People say they were friends when they were at the University of Ghana. It is also said that both belonged to the same political party while they were students at the university. Again both are lawyers of great repute; and both have, in the past, served their nation and their respective parties in positions of trust. Both of them are highly intelligent and speak English fluently.
They are both seen as elitist and removed from ordinary people. They both hail from two ethnic communities that are well renowned for their immense contributions towards the political history and development of Ghana. They could both be described as ‘angels’ or ‘demons’, depending on who is doing the description. And like you will say about the marmite, you either like or dislike either of the two, depending on where in Ghana you come from. This is the broad résumé of the two personalities who are being described in this write-up as ‘lookalikes’ and who are vying for the chance to replace the outgoing President of Ghana.
The two parties that they lead and represent have equally shared sixteen years of government since Ghana became the Fourth Republic in January 1992, with one of the two doing the first eight years that ended in January 2001 and the other doing the second eight years that end on January 7, 2009. The two parties have broad national appeal, with each dominating roughly half of the nation’s political and ethnic landscape. During their tenures of office, the two parties were generally and equally seen as having failed to eradicate corruption and poverty in Ghana. They were rather seen to have used their tenures of office to enrich members of their governments and their party affiliates. Many Ghanaians today believe that the two parties would never have any chance of forming another government in the country if it had not been for two reasons namely: the absence of a strong and credible ‘third party’; and secondly, because of the strong ethnic affiliations and loyalties that the two parties now share to the exclusion of other parties.
The two parties that the two lookalikes lead and represent have both had a chequered ancestral past. One of them developed from a group that was associated with the removal of democratic governments in the past and had gone on to create one of the most dreadful regimes in the world. The other party is a descendant of a group that once attempted to split up Ghana into either separate autonomous communities or separate semi-autonomous states within a federal unit.
Each of the two lookalikes vying for the position of the third President of the Fourth Republic of Ghana got nearly the same number of votes in the first round of the presidential election as the other had. Each of the two parties that they lead and represent also obtained around half of the number of people who will form the next legislature. This means that both lookalikes are not as lucky as their predecessors who had bigger parliamentary support that helped them to push their programmes through during their tenures of office. This, of course, means whoever succeeds to win the second round election and becomes the third President of the Fourth Republic of Ghana will need the support of members of the other party in parliament to be able to push through any of his programmes. Though it has been said that the two lookalikes were once friends during their university days, the parties that they lead and represent have since 1992 become political enemies, instead of political opponents, and one wonders how the two parties can work together in parliament to promote a common agenda.
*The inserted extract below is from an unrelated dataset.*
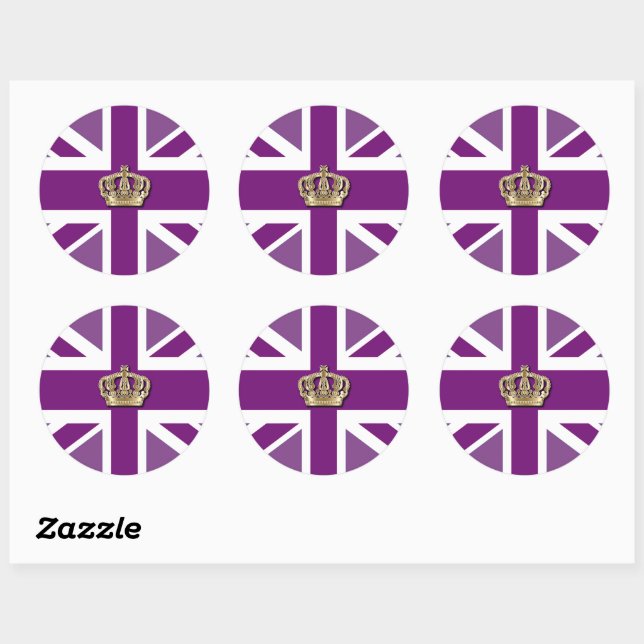  Crown and British Union Jack Flag Classic Round S Classic Round Sticker (Sheet)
The task ahead of whoever will win the 28th December second round election will, therefore, not be easy, at least during the first term of office of the new administration.
This is the hurdle facing Ghana as it tries to elect a replacement for the current President whose tenure of office expires on 7th January 2009. This is also the problem that the two lookalikes, Professor Mills of NDC and Nana Akuffo-Addo of NPP, must think about as they go from house to house and town to town canvassing for votes in the coming final round. Ghana is currently being acclaimed by the wider world as the best example of modern democracy in Africa, certainly in accordance with what happens at the ‘ballot box’ and on the ground but, definitely, not in accordance with what happens in the pockets of Ghanaians and in their minds. It is what will happen in the country in the next four years that will truly determine the practical validity of Ghana’s democratic credentials.
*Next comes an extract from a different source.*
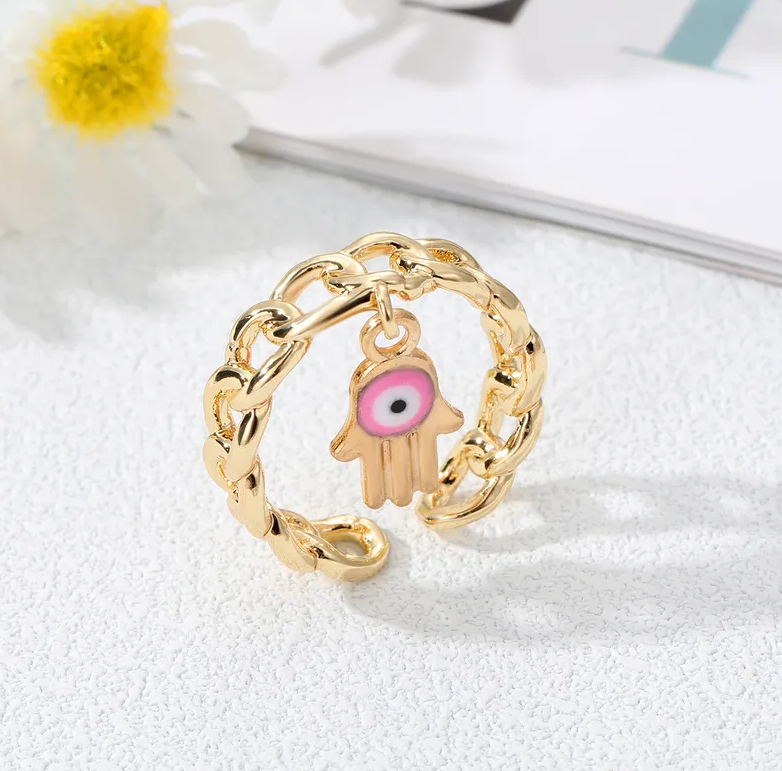 Bague Breloque Doré Main Rose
Democracy, to me, is not simply about how peacefully people conduct themselves in elections and how freely people can talk, or the press can publish. It is more about how effectively the elected people use the powers vested in them to promote the common good of the people who put them where they are. In the case of Ghana in the future, it will primarily be about how the new government that will be ushered in on 7th January 2009 will tackle corruption that has become publicly acceptable and pervasive and socially endemic in the country. It will also be about how politicians in the country will eschew selfishness and greed and seek the good name and honour of being seen as Ghana’s redeemers. Most important of all, it will be about how the government will use the new ‘oil-money’ that the nation will be earning from its new oil discovery to enrich, develop and transform the country and turn it into a semi-developed nation whose wealth will be fairly shared among all Ghanaians, and which nation will carry the torch of development across Africa, just as it carried the torch of emancipation across the continent in the fifties and sixties.
This is the dream of all Ghanaians. Professor Mills and Nana Akuffo-Addo should know that Ghanaians deserve no less from either of them. Ghanaians want no more selfish leaders; no more corruption; no more Ghana – ‘the nation of drug-dealers’; no more brutalities to, and rough riding of, fellow Ghanaians; and no more textbook democracy that sets up structures and systems that yield nothing in practice!